5.7. The Effect of the Cooling Rate

Matsubara et al. [19] prepared epitaxial thin films of AB${\mathrm{O}}_3$ perovskite-type oxides, including PT, and (${\mathrm{P}\mathrm{b}}_{0.90}{\mathrm{L}\mathrm{a}}_{0.10}$)(${\mathrm{Z}\mathrm{r}}_{0.65}{\mathrm{T}\mathrm{i}}_{0.35}{)}_{0.975}{\mathrm{O}}_3$, by RF magnetron sputtering on (100)Si substrate using a buffer epitaxial layer of Mg${\mathrm{A}1}_2{\mathrm{O}}_4$ at $480 °\mathrm{C}<Ts<550 °\mathrm{C}$.

PT films are found to be composed of c-axis and a-axis domains. The intensity of the (001) peak in the X-ray diffraction of the PT film increased with cooling rates. The preferred orientation of the tetragonal PT film, that is c to a domain volume ratio, could be controlled by the cooling conditions after the deposition took place. Highly c-axis oriented films, consisting of more than $90\%$ c domains, were produced by cooling the sample at a high cooling rate, typically $30 °\mathrm{C}$/min, and by maintaining an RF plasma during cooling a-axis domain prevailed in the samples cooled at $1 °\mathrm{C}/$min.
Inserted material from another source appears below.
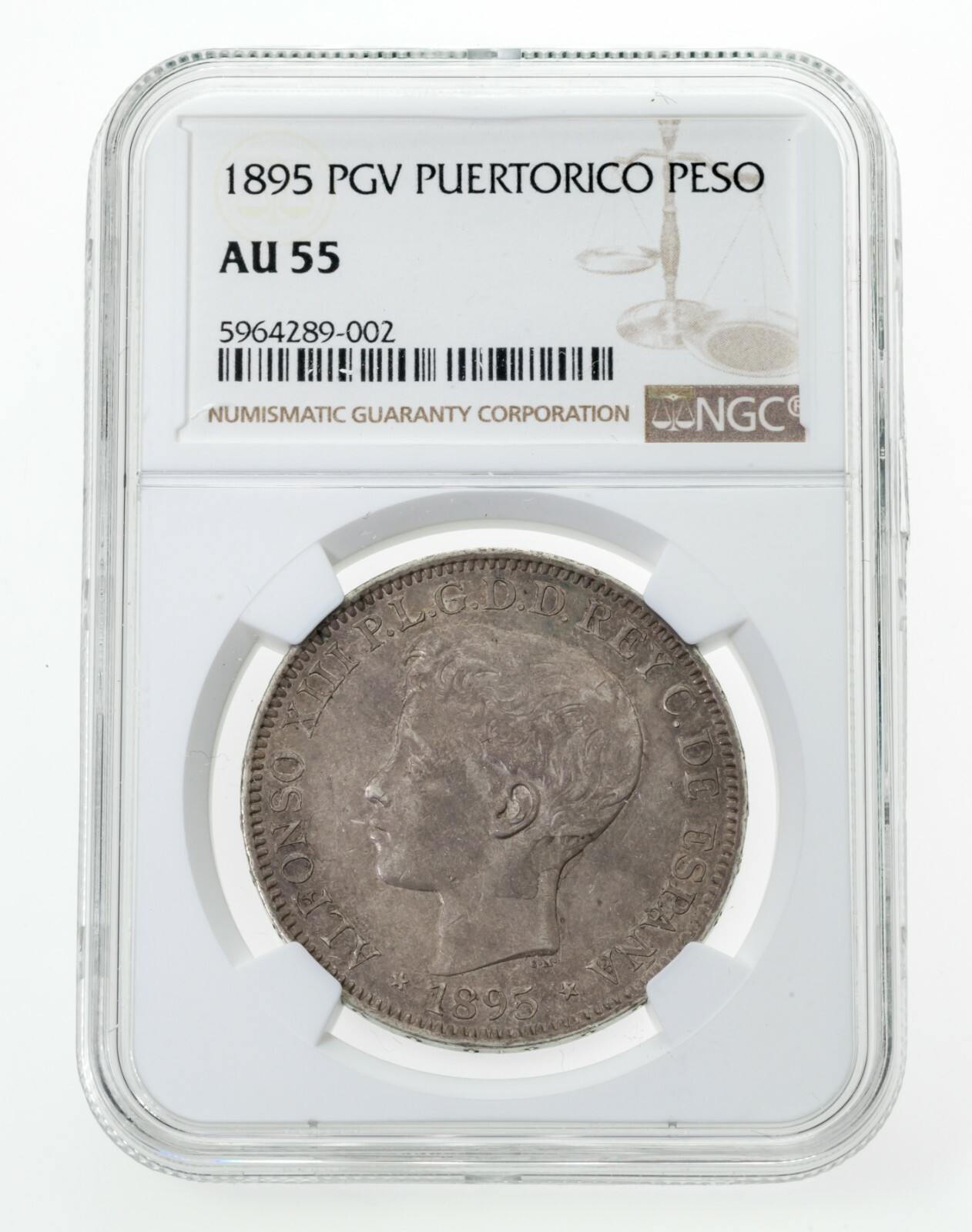 『NGC AU DETAILS』プエルトリコ1ペソ銀貨（1895年） NGC AU DETAILS』プエルトリコ1ペソ銀貨（1895年）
They explain the mechanism of the preferred orientation of the PT film by a balance of compressive stress due to a self-bias effect and tensile stress owing to the lattice mismatch and lattice anisotropy of tetragonal PT. This method is amenable to IC processing.
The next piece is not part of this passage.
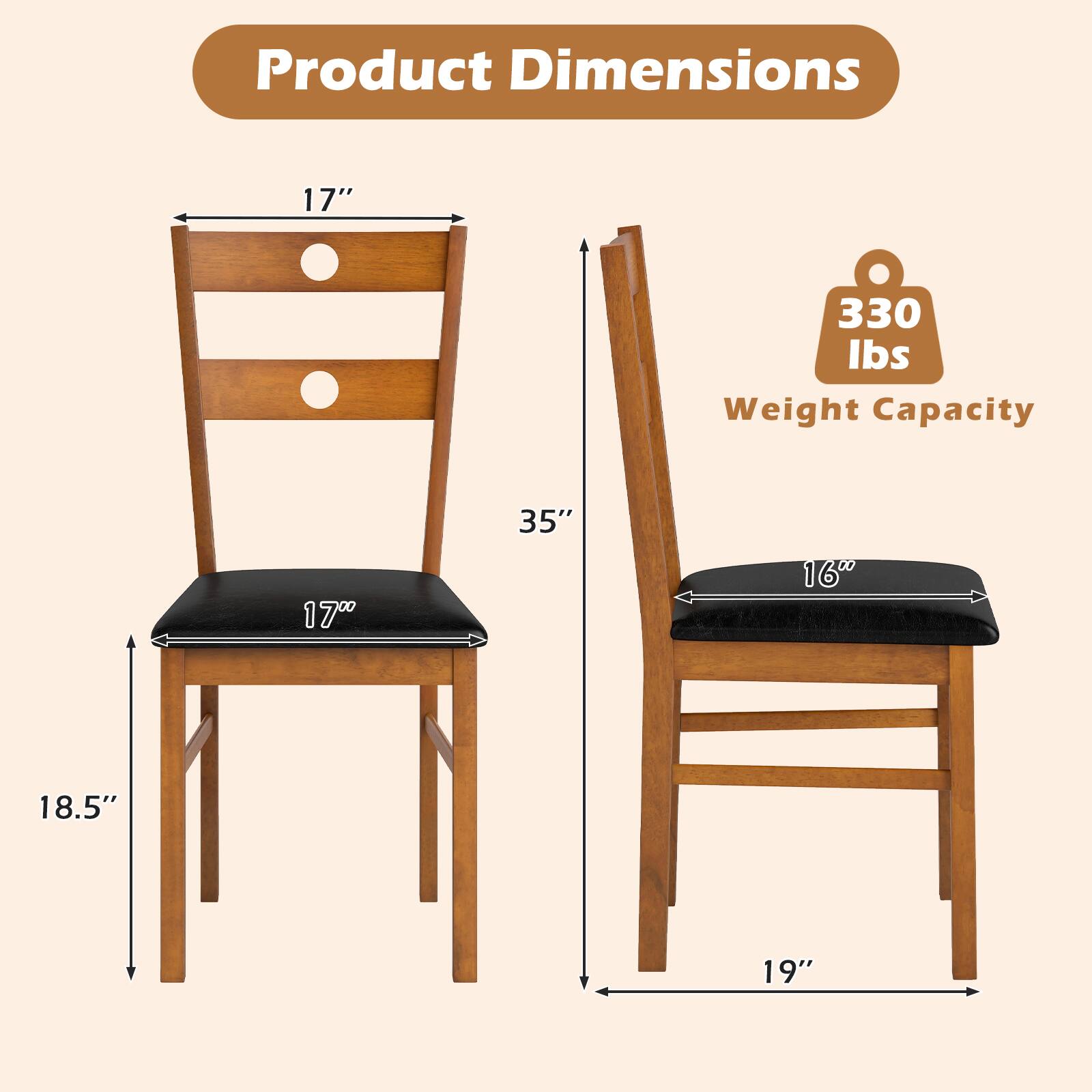Product Dimensions: 17" x 18.5" x 35"  
Weight Capacity: 330 lbs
5.8. The Effect of the Excess PbO Content in the Source

Pignolet et al. [63] remark that although the addition of PbO to the PT powder target does not modify the structure of the films, it encourages the formation of the perovskite-type structure at lower substrate temperatures and over a wider range (typically $500\text{–}550 °\mathrm{C}$instead of $530\text{–}560 °\mathrm{C}$). Furthermore, annealed films sputtered from a PbO-enriched target show a smaller concentration of the undesired pyrochlore phases.

6. Future Topics

The challenges associated with magnetron-sputtered lead titanate thin films for pyroelectric applications can involve various aspects related to the deposition process, material properties, and application requirements [9,14,19,20,21,22,56,57,58,64,69]. Firstly, achieving epitaxial growth, where the crystal structure of the deposited thin film aligns with that of the substrate, can be challenging. Epitaxy is crucial for maintaining the desired crystalline orientation and enhancing the pyroelectric properties. Secondly, excessive surface roughness can affect the pyroelectric response and compromise the quality of the thin film. Achieving a smooth and uniform surface is essential for optimal performance. Lastly, integrating lead titanate thin films into practical pyroelectric devices presents challenges. Compatibility with device structures and ensuring that the thin films meet specific application requirements can be complex.